Notre Dame Fighting Irish
Paul Hornung was recruited to play football for the Fighting Irish after a stellar, three-sport career at Flaget High School in Louisville, Ky. He graduated from Notre Dame four years later as a Heisman Trophy winner and two-time All-American quarterback. In 2000, Hornung was named the top quarterback in Notre Dame history by Gannett News Service.
He was a sensation during the spring game his freshman year and was nicknamed “Golden Boy” by a Louisville sportswriter because of his golden locks, his golden touch with the football, and the Golden Dome at Notre Dame.
As a sophomore in 1954, Hornung played every position in the Notre Dame backfield as a substitute. He also played basketball for the Fighting Irish that year, averaging 6.1 points per game.
Hornung started at quarterback as a junior in 1955 and compiled 743 yards passing and 472 yards rushing. He finished the season ranked fourth nationally in total offense with 1,215 yards and led the Irish to wins over fourth-ranked Navy and a come-from-behind win over Iowa. A sequence in that memorable performance against the Hawkeyes provided a glimpse of Hornung’s versatility and willingness to play any position to help his team win. With the Irish trailing 14-7 late in the game, he returned a kickoff into scoring position, threw a long touchdown pass, kicked the extra point, kicked off and made the tackle on the two yard line. Hornung played defense to hold Iowa, then drove the Irish down the field as the QB and kicked the winning field goal for the final 17-14 margin. Hornung threw for 354 yards in a loss to USC, the best mark by an individual in the NCAA that season. He finished fifth in the Heisman voting behind winner Howard “Hopalong” Cassady of Ohio State.
As a senior quarterback, Hornung ranked second nationally in total offense with 1,337 yards. He scored a career best 56 points during his final season, bringing his career total to 121. He led the Fighting Irish in passing, rushing, scoring, kickoff and punt returns, punting, field goals, PATs and passes broken up. He was second on the team in interceptions and tackles.
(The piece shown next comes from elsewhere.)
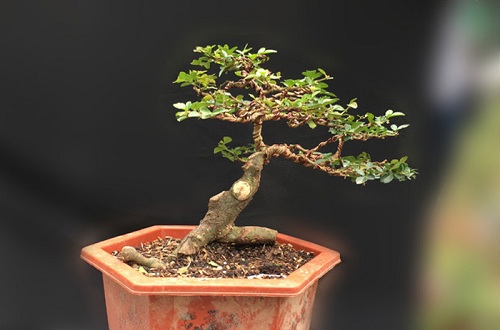 Cây kim quất Cay kim quat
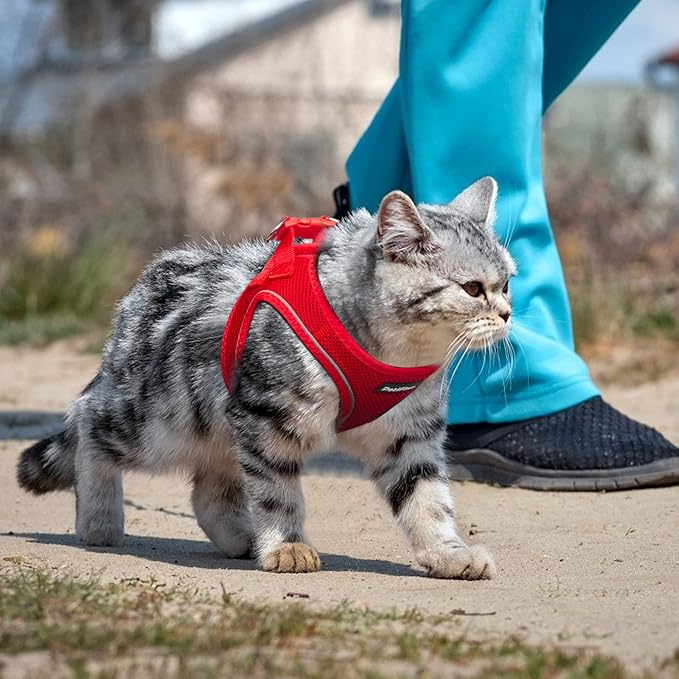 PetiFine Extra Small Step in Dog Harness and Leash Set, Cat Harness and Leash Escape Proof, All Weather Mesh Reflective, Step-in Air Vest Harnesses for Puppy(XXS, Red)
Hornung led the team to a 19-12 record during three years at Notre Dame, including two seasons with eight or more wins. He finished his Notre Dame career with 1,696 passing yards and 12 touchdowns. He ran for 1,051 yards, scored 15 touchdowns, 25 PAT’s and two field goals during his three seasons of varsity play. He also registered 10 interceptions and had 23 kickoff returns for 663 yards.
Hornung was the 22nd winner of the Heisman Trophy in 1956. He is the only player in the 75-year history to win the award after playing for a team with a losing record. His 1956 team finished 2-8. He was the first player to win the award despite not leading in first place votes. He finished with 197 first place votes, eight shy of Tom McDonald’s (Oklahoma) 205 votes. McDonald finished third; Tennessee’s Johnny Majors was second. Hornung finished among the top two in voting in three of the five voting regions, including first in the Midwest. He also was named All-American following his senior campaign.